Réunis à Brasilia, les chefs d’État brésilien et sud-africain ont jugé urgent d’intensifier leur coopération en matière de défense. Une allusion à peine voilée aux récentes interventions américaines en Amérique du Sud et au Moyen-Orient.
Si la guerre au Proche et Moyen-Orient démontre l’implosion du concept de droit international, elle suggère également la fin d’une solidarité géopolitique essentiellement continentale. À moins de considérer que le monde revient à ces temps anciens de guerre froide où l’Amérique du Sud pouvait se solidariser avec l’Afrique. Le président brésilien vient de suggérer à son homologue sud-africain que leurs deux pays élaborent une politique de défense en partie commune.
Les observateurs invitent à lire entre les lignes les propos tenus par Luiz Inácio Lula da Silva, ce lundi, à l’occasion de la visite d’État de Cyril Ramaphosa à Brasilia : « Je ne sais pas si le camarade Ramaphosa se rend compte que, si on ne prépare pas notre défense, un jour quelqu’un nous envahira. » Le « tombeur » du trumpiste Jair Bolsonaro ne cite pas Donald Trump, mais ses craintes résonnent non seulement avec l’actuelle intervention israélo-américaine en Iran, mais aussi avec l’enlèvement du Vénézuélien Nicolás Maduro, le 3 janvier dernier.

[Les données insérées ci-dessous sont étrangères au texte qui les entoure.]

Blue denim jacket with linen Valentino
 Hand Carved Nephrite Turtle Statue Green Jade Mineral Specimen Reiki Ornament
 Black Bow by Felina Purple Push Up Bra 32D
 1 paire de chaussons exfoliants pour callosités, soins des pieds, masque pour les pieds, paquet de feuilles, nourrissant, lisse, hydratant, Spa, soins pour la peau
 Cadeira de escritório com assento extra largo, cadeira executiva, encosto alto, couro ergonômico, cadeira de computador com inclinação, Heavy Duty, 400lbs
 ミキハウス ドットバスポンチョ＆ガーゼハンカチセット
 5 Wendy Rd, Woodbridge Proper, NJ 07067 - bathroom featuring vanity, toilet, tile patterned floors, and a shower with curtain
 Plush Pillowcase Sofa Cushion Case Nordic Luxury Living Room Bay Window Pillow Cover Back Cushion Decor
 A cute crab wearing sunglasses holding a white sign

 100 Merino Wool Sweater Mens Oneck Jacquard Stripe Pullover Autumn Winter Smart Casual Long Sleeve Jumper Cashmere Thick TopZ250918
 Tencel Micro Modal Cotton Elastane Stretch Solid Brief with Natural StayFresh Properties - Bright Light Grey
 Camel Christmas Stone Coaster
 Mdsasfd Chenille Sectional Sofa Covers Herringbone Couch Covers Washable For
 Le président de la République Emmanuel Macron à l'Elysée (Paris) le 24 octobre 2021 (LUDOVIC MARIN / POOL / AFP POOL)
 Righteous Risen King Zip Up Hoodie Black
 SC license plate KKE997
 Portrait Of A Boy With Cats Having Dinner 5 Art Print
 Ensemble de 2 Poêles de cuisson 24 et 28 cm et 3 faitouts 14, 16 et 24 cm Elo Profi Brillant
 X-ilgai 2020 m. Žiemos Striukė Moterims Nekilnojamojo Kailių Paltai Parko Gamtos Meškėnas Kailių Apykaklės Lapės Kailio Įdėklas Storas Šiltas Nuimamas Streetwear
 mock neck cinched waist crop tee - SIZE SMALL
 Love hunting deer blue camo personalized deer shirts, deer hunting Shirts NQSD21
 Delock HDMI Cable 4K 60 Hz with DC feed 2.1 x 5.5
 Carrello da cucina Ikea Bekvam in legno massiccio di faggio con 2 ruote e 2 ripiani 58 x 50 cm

Risque d’« invasion » étrangère
Le président brésilien a évoqué la nécessité d’unir leur potentiel « pour produire ensemble » de l’armement, considérant que « sur ce sujet, le Brésil a les mêmes besoins que l’Afrique du Sud ». Lula affirme même qu’un « accord de coopération sur des sujets liés à la défense » est en cours d’élaboration. Celui-ci pourrait « ouvrir la voie à de nouveaux projets communs », dans le cadre d’une défense « envisagée comme une dissuasion ». Le Brésilien rappelle que l’Amérique du Sud est une « région de paix » où « personne n’a de bombe nucléaire ».
« Nous avons beaucoup à apprendre les uns des autres », a répondu Cyril Ramaphosa, rappelant tout de même que le Brésil est « bien plus avancé » que l’Afrique du Sud en matière de « défense et d’aviation ».
Brics et Brics+
Si les noms de Trump et de Netanyahou n’ont pas été cités dans l’entretien entre Lula et Ramaphosa, les deux hommes sont très critiques envers la guerre lancée par les États-Unis et Israël. Pretoria a notamment condamné explicitement une violation du droit international et rejeté la notion de « légitime défense préventive ». À l’époque du président Mahmoud Ahmadinejad, les chefs d’État iranien et brésilien s’étaient mutuellement rendu visite.
Le Brésil et l’Afrique du Sud sont tous deux membres des Brics, ce groupe de pays qui incarne, avec la Chine, la Russie et l’Inde, une forme de non-alignement sur les États-Unis de Donald Trump. Et le groupe des Brics+ accueille notamment l’Iran.